After the lead side was cut, the casting was set up on the same cylinder square underneath, and the lead side was set against the rear jaw of the vise. After the vise was carefully tightened and checked and re-tightened and checked a few more times, the top of the casting was faced off to clean a casting flaw (bit of sand fell in the mold and left a pit) and then faced flat and square to the lead side. I'm still at 1.160" thick after the final "finish" cut and the drawing calls for 1" thickness. A little thicker is fine, I think-and the T-slot nuts I bought are so tall that I can't go any thinner without re-cutting all the T-nuts. They aren't particularly well made anyway...I may just have to make some better ones. I was hoping to just buy them and use the same T-slot cutter for all the slots on this machine...but the T-slot cutter didn't last.

It's a Shars Tool T-slot cutter, high-speed steel and was 20 bucks.
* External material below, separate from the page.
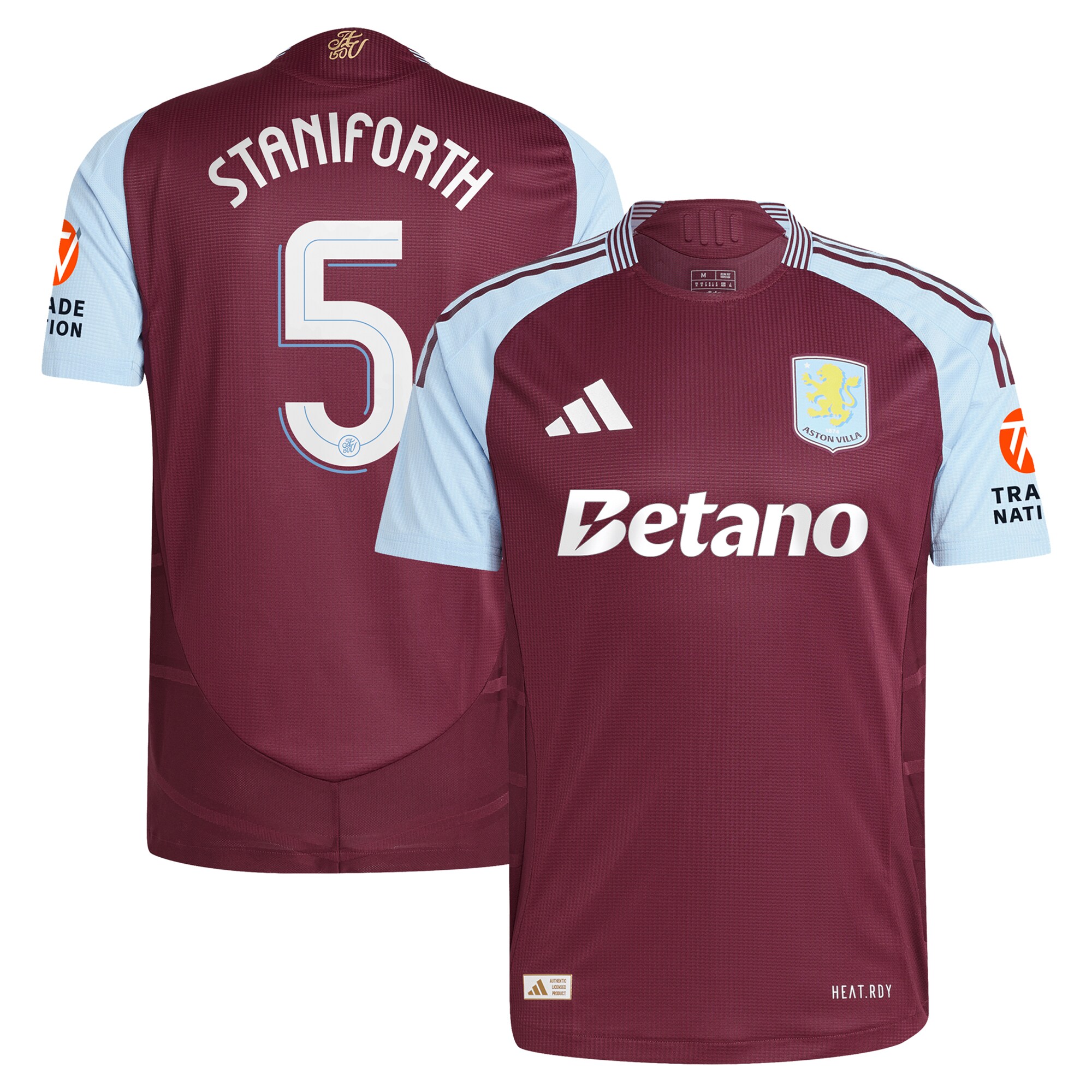 Aston Villa aston villa adidas home authentic shirt 2024-25 with staniforth 5 cup printing Kits - Official Football Shirts & Training Gear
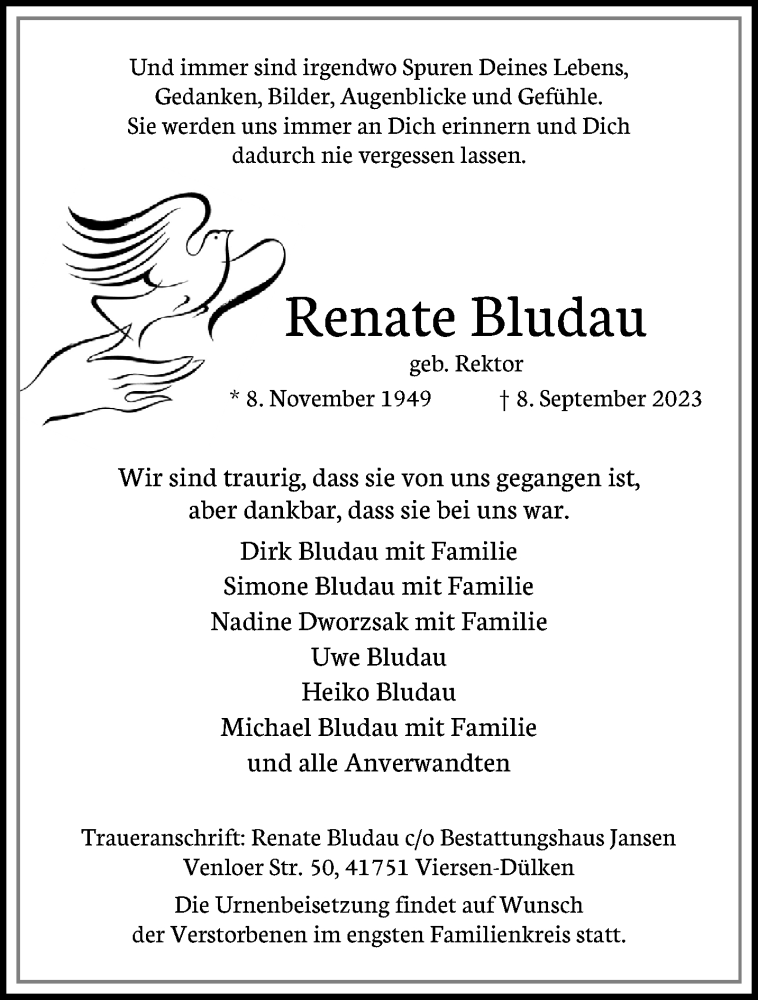  Traueranzeige für Renate Bludau vom 17.09.2023 aus trauer.extra-tipp-moenchengladbach.de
I didn't expect the world, but I didn't want to pony up for a carbide tipped cutter because T-slot cutters have a hard life-they don't ever last too long. On first T-slot, which was slotted with a 3/8" two flute, then followed through with the T-slot cutter, it did very nicely-good chip ejection, nice sharp clean corners. The second slot is where the problems started. Due to the T-slot cores having shifted a bit, they weren't particularly square to the long axis of the part. The first core was good, but as I went down the part they got further and further from square. This meant the t-slot cutter was having to work harder on one side of the slot than the other, and I had to really slow down on the feed rate to stop the chatter and vibration. Slowing down, and the T-slot cutter only barely cleaning up the bottom of the cored T-slot, meant that the very hard skin of an iron casting was all that was being cut on the bottom of the slot-and it started eating the corners off the lower three flutes. The slow feed rate excaberated the issue, by allowing a lot of the chips to be re-cut by the lower flutes...this wore them down even faster. In the end, all the slots were cut, but the T-slot cutter is done. The bottom flutes would need to be reground, even though the top flutes (which were cutting in clean iron most of the time and the chips fell away from them) are in perfectly fine condition. The cutter could be re-ground into a woodruff key cutter if I can't think of another use for it.

On other fronts, the motor acquired the other day has been cleaned, both bearings replaced, and the windings washed, baked out, re-varnished, and baked again, even though it tested good for shorts/ground faults and hi-pot prior to the rebuild. Good practice is only good as long as it's followed, and I don't want trouble from the motor-even if I did only spend 25$ on it. (Between the cost of the motor, the bearings, and the glyptal)


----------